TASK DETAILS
Pictures in the records below must be left out. Return exactly the lines from the line with "KARABURUN NERGİS FESTİVALİ" to the line with "Einen Würfel basteln", both included.

EXTRACTED RECORDS
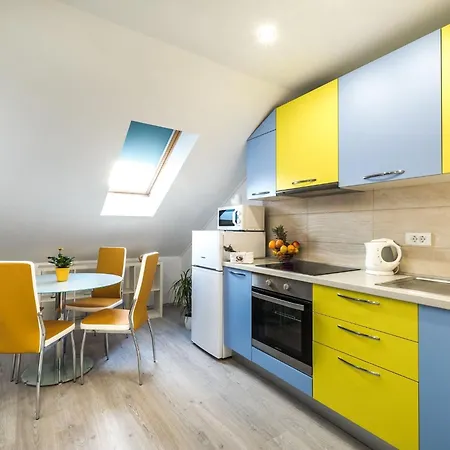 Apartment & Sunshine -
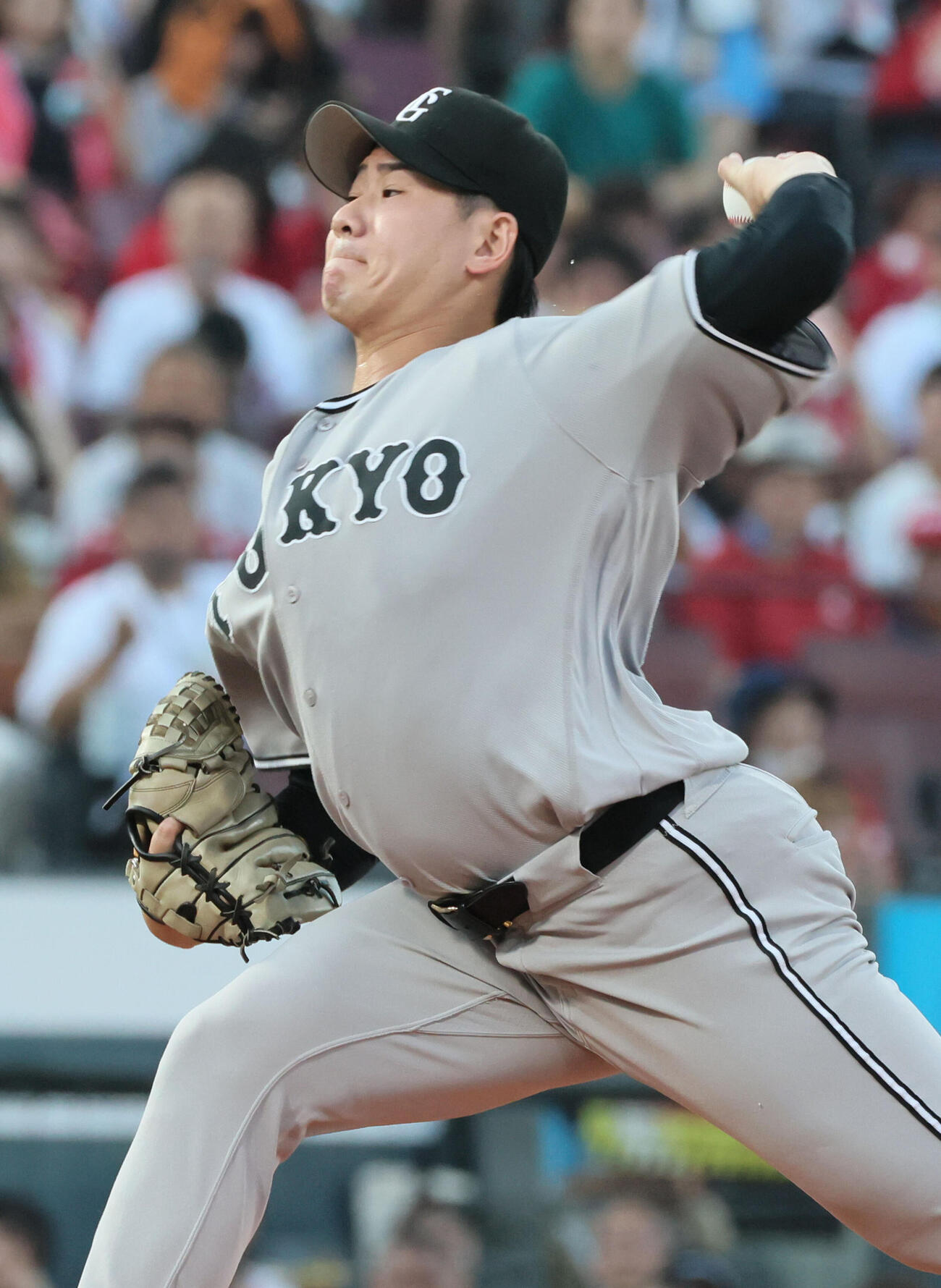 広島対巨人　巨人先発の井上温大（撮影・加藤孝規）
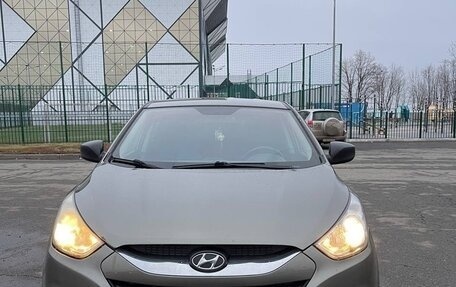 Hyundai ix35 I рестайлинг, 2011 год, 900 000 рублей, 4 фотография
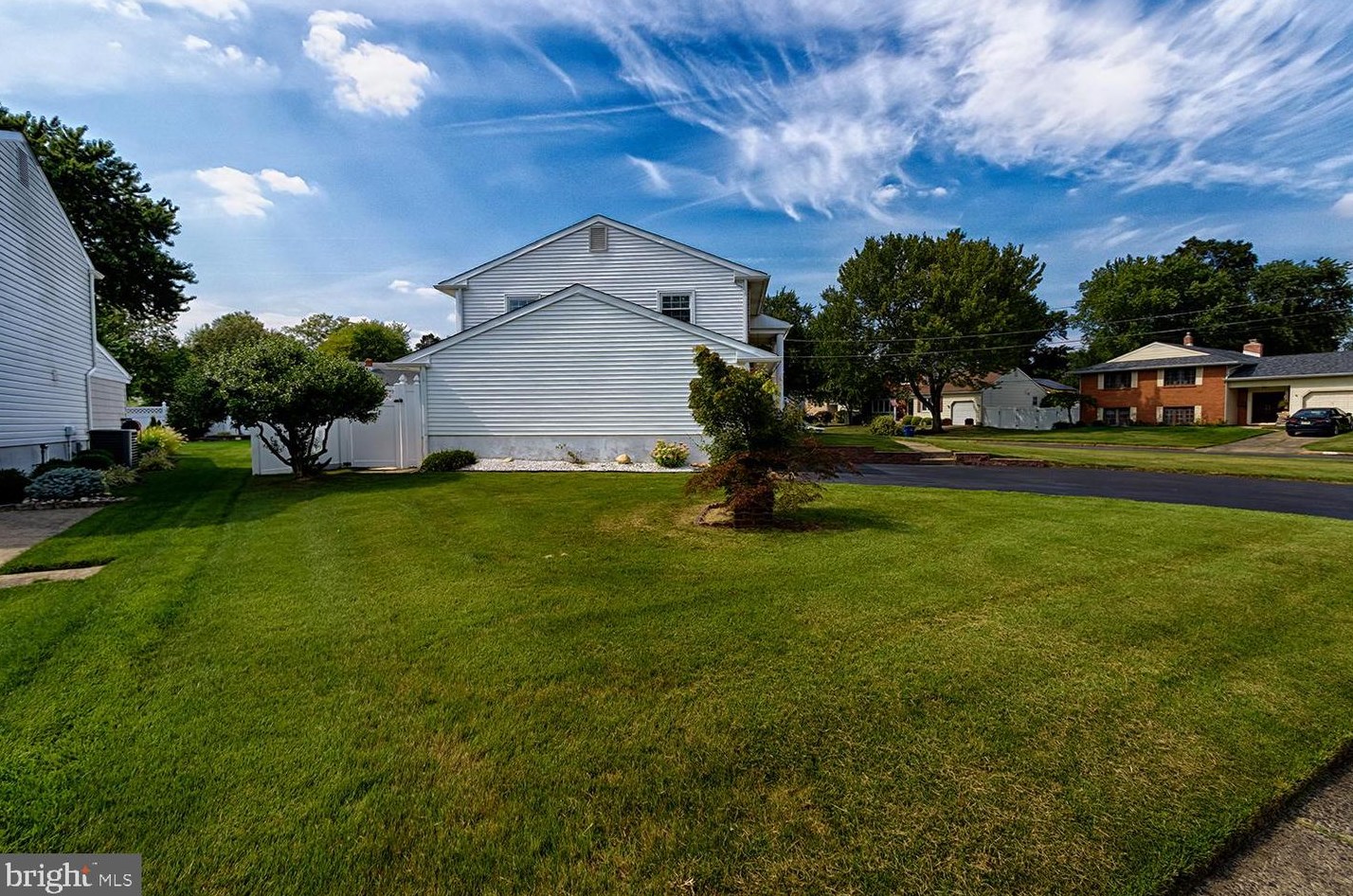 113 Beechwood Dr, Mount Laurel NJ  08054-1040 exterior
---
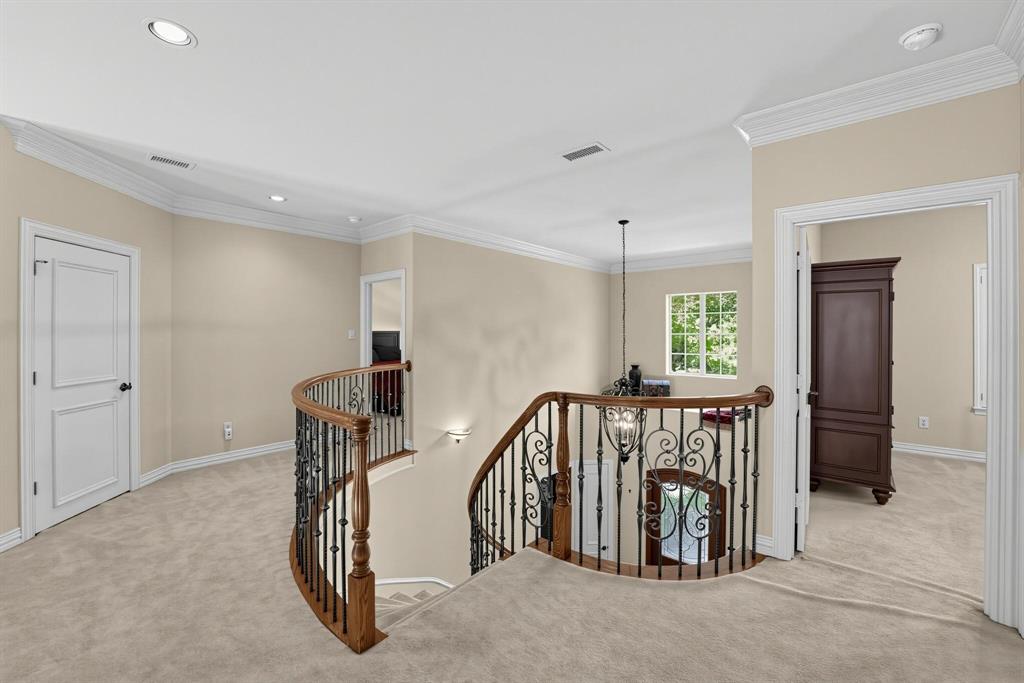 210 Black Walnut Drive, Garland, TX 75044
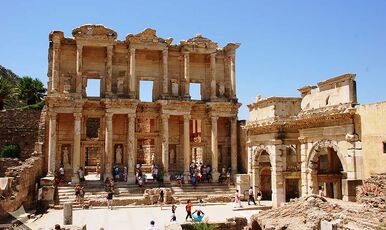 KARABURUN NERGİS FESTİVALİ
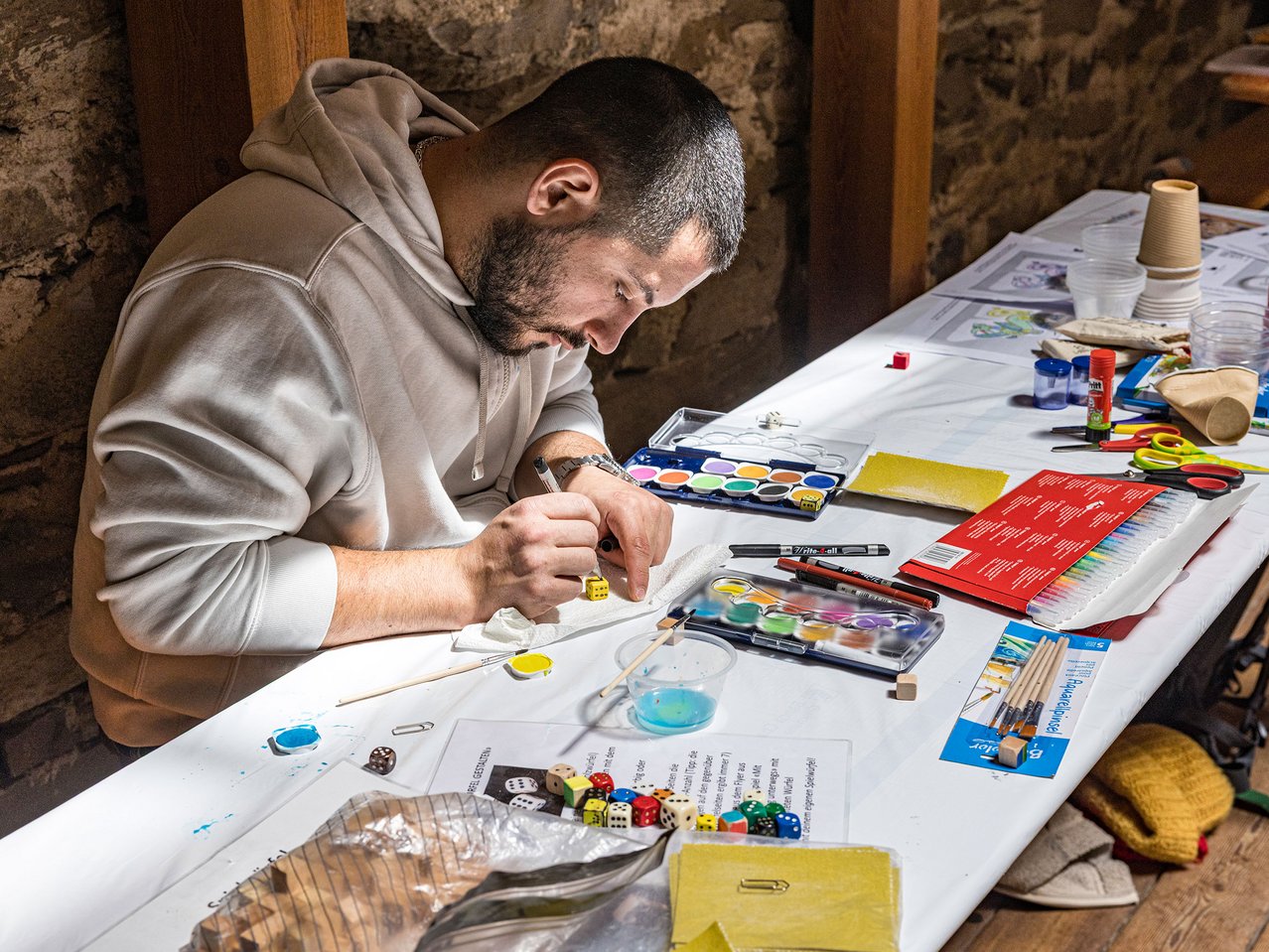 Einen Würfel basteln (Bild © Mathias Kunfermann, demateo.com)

SOLUTION TO THIS EXERCISE
 KARABURUN NERGİS FESTİVALİ
 Einen Würfel basteln (Bild © Mathias Kunfermann, demateo.com)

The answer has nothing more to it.